When imported, the keys are encrypted at rest, during Git operations which require SSH, the keys are added to an ssh-agent and thus never written to the filesystem or written to STDIN.
Although RStudio Package Manager allows the use of SSH keys with no passphrase, it is still recommended to use a strong SSH key with a passphrase.
SSH keys may be rotated by creating a new SSH key and editing an existing git-builder:
Terminal
rspm import --name=[key name] --path=[/path/to/key]
rspm edit git-builder --name=[git-builder name] --source=[git source] --new-ssh-key=[key name]
Commits vs Tags#
A package based on a Git endpoint can can be configured to watch one of two types of changes: "commits" or "tags". In short, "commits" watches for changes to a specified Git branch, where "tags" watches for new tags in the whole Git repository.
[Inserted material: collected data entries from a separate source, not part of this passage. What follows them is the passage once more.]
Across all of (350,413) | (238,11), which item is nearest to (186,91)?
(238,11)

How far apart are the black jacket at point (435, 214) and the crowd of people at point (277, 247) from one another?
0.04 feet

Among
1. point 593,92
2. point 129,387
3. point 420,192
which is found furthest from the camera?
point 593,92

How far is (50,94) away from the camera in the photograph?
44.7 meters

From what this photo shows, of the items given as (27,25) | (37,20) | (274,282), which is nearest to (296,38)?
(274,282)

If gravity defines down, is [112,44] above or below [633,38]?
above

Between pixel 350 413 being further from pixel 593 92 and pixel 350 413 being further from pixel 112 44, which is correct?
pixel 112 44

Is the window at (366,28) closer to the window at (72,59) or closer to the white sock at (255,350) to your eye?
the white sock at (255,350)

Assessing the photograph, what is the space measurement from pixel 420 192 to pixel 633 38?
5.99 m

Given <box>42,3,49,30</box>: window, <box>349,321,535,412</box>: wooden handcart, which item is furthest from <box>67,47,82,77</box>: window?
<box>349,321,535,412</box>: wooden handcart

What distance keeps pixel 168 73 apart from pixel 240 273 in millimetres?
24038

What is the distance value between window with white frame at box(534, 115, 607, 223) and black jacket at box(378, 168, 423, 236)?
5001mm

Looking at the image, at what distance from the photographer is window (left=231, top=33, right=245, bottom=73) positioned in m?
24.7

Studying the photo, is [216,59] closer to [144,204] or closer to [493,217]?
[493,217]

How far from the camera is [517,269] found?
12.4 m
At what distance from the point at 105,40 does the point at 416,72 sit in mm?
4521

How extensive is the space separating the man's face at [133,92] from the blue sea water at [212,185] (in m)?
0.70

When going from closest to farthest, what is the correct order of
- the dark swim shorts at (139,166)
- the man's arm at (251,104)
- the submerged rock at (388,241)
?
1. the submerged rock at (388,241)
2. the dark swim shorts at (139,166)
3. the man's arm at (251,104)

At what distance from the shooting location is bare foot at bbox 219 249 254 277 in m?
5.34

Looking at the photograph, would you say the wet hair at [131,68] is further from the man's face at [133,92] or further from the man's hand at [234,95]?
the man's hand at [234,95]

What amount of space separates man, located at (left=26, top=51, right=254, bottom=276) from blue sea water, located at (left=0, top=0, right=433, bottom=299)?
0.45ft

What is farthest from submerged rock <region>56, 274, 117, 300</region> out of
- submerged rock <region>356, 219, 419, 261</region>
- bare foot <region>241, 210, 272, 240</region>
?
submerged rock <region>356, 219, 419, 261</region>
In more detail:
- Commits - RStudio Package Manager will update the package any time new
commits are discovered in a branch. In this mode, RStudio Package Manager automatically
modifies the package's version, assigning a unique version number to each
build. The version number is created based on the commit time-stamp and is
designed to avoid conflicts with the version scheme used by the package author. For
example, if the Description file for a package indicates a version of
1.1-3
, the automatic version number would be:1.1-3.0.0.0.1537204599
. If the author updates the package with a new commit, but keeps the version in the Description file the same, the new automatic version number would reflect the new commit time-stamp, e.g.1.1-3.0.0.0.1537218677
. This process ensures that users of the package always get the correct behavior frominstall.packages
, with newer commits being associated with a semantically higher version number.
The above version behavior for "commits" triggers may be overridden by using the
Git.ForceDescriptionVersion
configuration option. This will force all packages
built by commits in a branch to use the exact version in the DESCRIPTION file.
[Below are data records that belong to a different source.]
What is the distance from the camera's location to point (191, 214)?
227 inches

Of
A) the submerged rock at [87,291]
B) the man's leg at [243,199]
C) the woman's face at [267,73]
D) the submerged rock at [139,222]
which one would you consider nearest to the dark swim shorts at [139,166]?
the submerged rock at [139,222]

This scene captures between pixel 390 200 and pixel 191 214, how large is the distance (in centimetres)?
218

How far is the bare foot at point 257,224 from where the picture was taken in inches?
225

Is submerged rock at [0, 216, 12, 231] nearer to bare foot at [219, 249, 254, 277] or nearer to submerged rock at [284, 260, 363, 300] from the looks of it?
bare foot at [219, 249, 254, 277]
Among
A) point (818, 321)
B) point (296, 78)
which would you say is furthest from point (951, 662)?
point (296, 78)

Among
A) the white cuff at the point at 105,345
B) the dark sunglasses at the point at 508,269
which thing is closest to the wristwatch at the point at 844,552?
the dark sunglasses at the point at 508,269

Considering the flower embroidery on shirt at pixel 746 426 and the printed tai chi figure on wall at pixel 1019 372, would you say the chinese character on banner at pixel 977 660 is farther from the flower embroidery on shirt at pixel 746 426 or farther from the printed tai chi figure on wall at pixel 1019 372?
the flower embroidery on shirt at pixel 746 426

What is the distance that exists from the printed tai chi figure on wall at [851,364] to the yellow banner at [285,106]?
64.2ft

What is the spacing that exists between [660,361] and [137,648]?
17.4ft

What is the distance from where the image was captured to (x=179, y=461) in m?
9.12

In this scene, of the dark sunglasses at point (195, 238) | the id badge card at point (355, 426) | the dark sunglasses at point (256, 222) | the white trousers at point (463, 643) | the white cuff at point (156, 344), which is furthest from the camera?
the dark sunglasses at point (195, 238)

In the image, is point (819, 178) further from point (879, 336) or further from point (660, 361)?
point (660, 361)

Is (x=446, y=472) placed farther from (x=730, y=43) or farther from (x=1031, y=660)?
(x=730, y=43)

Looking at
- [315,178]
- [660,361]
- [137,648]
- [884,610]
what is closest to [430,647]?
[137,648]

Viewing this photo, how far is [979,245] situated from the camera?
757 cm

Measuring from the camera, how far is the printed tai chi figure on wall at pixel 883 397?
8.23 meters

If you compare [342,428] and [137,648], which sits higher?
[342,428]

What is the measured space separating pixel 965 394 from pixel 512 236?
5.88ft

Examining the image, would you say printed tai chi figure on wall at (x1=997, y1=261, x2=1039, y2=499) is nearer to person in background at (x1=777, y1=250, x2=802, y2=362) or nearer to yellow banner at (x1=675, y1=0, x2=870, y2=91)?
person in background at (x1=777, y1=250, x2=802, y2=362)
- Tags - RStudio Package Manager will update the package any time a new Git
tag is discovered. In this mode, RStudio Package Manager retains the version
specified in the package's Description file. This mode is designed to work when
a Git tag is used to indicate a package release. Note: The name of the tag must
match the version in the Description file. For example, if your package's
Description file has
Version: 5.4.2
your tag must be either5.4.2
orv5.4.2
. If two tags reference the same version, preference is given to the newer tag. If a newer tag references an older version than a prior tag, the new tag is built as an archived package. If a tag is removed from a Git endpoint, any packages already built for that tag remain.
Commit mode is recommended for bleeding edge repositories, whereas tag mode is suitable for exposing stable releases of packages.
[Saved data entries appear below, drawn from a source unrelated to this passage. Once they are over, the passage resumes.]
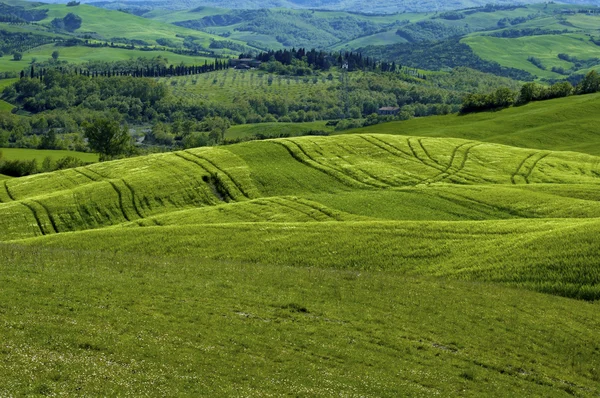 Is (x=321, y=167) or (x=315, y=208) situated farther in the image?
(x=321, y=167)

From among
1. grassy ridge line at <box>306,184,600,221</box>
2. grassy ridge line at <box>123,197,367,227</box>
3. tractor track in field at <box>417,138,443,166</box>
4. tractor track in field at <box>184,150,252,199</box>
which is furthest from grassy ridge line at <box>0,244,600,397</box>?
tractor track in field at <box>417,138,443,166</box>

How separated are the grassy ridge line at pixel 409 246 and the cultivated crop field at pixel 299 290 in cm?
23

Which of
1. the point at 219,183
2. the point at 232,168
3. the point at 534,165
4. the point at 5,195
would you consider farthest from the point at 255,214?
the point at 534,165

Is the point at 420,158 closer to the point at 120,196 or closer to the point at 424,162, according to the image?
the point at 424,162

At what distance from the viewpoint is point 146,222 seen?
83.9 metres

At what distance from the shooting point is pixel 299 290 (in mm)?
46688

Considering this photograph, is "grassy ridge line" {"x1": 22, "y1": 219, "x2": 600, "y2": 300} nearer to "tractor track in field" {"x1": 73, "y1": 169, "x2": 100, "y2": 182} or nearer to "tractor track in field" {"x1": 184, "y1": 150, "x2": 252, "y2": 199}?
"tractor track in field" {"x1": 184, "y1": 150, "x2": 252, "y2": 199}

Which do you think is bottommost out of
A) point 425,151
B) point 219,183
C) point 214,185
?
point 214,185

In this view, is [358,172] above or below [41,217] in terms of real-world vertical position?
above

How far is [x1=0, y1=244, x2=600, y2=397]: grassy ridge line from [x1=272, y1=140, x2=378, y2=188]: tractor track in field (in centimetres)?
5210

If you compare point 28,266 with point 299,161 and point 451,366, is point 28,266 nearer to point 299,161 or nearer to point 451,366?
point 451,366

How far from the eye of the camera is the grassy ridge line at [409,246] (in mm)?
54094

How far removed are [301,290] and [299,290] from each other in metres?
0.15

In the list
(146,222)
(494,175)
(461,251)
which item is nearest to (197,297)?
(461,251) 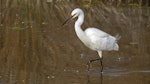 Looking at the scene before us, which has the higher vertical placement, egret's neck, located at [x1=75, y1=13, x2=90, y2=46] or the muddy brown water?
egret's neck, located at [x1=75, y1=13, x2=90, y2=46]

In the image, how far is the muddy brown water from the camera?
11109mm

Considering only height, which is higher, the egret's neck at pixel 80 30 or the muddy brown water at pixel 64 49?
the egret's neck at pixel 80 30

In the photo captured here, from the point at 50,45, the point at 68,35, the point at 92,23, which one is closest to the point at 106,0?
the point at 92,23

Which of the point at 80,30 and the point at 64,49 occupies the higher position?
the point at 80,30

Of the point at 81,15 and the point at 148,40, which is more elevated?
the point at 81,15

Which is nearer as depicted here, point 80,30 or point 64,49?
point 80,30

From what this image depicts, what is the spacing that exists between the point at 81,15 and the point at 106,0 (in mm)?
12054

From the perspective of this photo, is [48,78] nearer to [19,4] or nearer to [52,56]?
[52,56]

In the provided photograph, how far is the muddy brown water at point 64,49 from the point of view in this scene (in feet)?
36.4

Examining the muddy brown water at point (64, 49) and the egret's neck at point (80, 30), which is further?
the egret's neck at point (80, 30)

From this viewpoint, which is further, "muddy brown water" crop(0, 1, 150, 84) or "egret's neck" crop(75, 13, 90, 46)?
"egret's neck" crop(75, 13, 90, 46)

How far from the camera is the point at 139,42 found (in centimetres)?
1555

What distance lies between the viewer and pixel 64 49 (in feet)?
46.3

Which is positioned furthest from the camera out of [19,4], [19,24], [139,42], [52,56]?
[19,4] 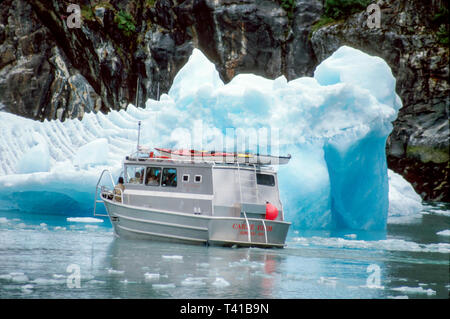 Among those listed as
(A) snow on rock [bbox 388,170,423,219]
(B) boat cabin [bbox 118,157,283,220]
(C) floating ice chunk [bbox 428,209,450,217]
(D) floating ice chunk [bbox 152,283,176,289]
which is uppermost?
(B) boat cabin [bbox 118,157,283,220]

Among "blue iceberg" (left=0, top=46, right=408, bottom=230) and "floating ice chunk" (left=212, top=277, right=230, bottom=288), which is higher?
"blue iceberg" (left=0, top=46, right=408, bottom=230)

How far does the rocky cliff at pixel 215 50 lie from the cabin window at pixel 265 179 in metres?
28.5

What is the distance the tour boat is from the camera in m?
15.8

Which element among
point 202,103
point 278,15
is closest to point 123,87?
point 278,15

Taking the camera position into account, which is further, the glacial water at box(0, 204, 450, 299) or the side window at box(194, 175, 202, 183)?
the side window at box(194, 175, 202, 183)

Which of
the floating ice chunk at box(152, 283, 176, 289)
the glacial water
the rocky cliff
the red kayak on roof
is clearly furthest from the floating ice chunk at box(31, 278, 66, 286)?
the rocky cliff

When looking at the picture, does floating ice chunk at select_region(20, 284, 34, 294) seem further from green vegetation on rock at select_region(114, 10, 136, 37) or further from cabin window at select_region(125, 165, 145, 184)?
green vegetation on rock at select_region(114, 10, 136, 37)

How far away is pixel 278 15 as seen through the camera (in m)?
47.3

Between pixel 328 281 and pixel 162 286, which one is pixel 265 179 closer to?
pixel 328 281

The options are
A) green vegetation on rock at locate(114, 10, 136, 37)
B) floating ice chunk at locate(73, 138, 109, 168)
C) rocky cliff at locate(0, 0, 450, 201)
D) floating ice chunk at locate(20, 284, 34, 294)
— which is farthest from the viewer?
green vegetation on rock at locate(114, 10, 136, 37)

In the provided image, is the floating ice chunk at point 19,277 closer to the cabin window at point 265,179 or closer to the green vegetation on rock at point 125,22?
the cabin window at point 265,179

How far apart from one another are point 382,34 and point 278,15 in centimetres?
890

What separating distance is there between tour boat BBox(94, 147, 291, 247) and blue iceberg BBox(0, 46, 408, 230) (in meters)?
5.57

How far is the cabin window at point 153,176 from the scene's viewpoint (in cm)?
1695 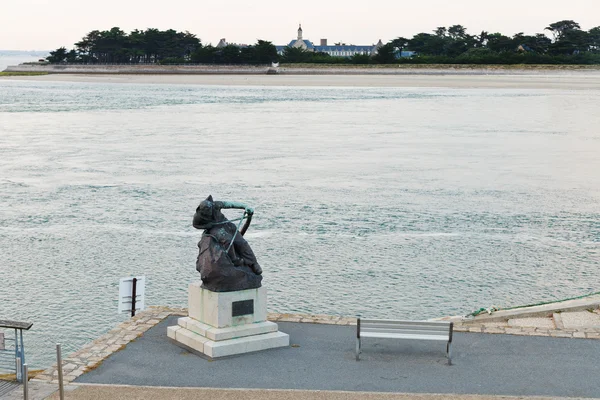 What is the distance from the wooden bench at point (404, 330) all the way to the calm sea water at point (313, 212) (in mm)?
7656

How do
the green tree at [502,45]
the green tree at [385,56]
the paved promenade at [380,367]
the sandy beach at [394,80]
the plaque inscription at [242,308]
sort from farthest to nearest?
the green tree at [502,45], the green tree at [385,56], the sandy beach at [394,80], the plaque inscription at [242,308], the paved promenade at [380,367]

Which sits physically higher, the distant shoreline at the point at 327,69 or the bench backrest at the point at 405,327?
the distant shoreline at the point at 327,69

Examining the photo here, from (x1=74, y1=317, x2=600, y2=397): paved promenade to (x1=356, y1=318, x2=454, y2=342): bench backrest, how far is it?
1.64 feet

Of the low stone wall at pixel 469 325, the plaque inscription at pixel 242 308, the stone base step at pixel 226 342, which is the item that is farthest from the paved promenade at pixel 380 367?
the plaque inscription at pixel 242 308

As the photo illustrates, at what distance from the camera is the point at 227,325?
49.1 feet

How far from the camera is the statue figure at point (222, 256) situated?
14766mm

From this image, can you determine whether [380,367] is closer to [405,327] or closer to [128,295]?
[405,327]

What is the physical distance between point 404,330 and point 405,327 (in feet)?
0.19

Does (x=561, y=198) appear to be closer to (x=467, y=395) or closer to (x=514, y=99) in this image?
(x=467, y=395)

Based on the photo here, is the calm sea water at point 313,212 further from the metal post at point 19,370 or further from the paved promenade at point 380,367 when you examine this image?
the paved promenade at point 380,367

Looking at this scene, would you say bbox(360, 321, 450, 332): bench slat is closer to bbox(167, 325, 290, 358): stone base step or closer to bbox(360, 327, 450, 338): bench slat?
bbox(360, 327, 450, 338): bench slat

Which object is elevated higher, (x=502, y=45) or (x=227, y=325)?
(x=502, y=45)

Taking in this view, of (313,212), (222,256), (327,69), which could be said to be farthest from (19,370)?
(327,69)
A git source can support different packages with different modes. However, a given package can only have one mode in a source. If you would like to surface the same package in both commit and tag mode, you must create two git sources.
Git directories#
By default, packages will be built from the git root directory. If the R package
exists in a different location, it can be specified using the --sub-dir
flag when adding a git package.
Managing Packages from Git#
The git-builder
(described above) watches the Git endpoint for changes, automatically
handling package updates and archives. There might be cases where you wish to remove
packages, or to stop package building altogether.
Packages can be removed at any time using the remove
command.
To stop automatic package building, but keep the existing packages, use the
delete git-builder
command. To resume package building, simply create a new
git-builder
with the same metadata.
Terminal
# To remove previously-built packages from git:
rspm remove --source=[name of source] --name=[name of package and scope]
# To stop automatic package building, but keep the packages:
rspm delete git-builder --name=[name of package] --source=[name of source]
To view information about the current Git endpoints that are being tracked, use:
Terminal
rspm list git-builders
Editing git-builders#
Git builders have a few fields which may be edited: ssh-keys, URLs, sub directories, and branches (for "commits" triggers). The git-builders cannot be changed from SSH to HTTP URLs or vice versa.
Terminal
rspm edit git-builder --name=[git-builder name] --source=[git source name] --new-url=[HTTP/SSH URL]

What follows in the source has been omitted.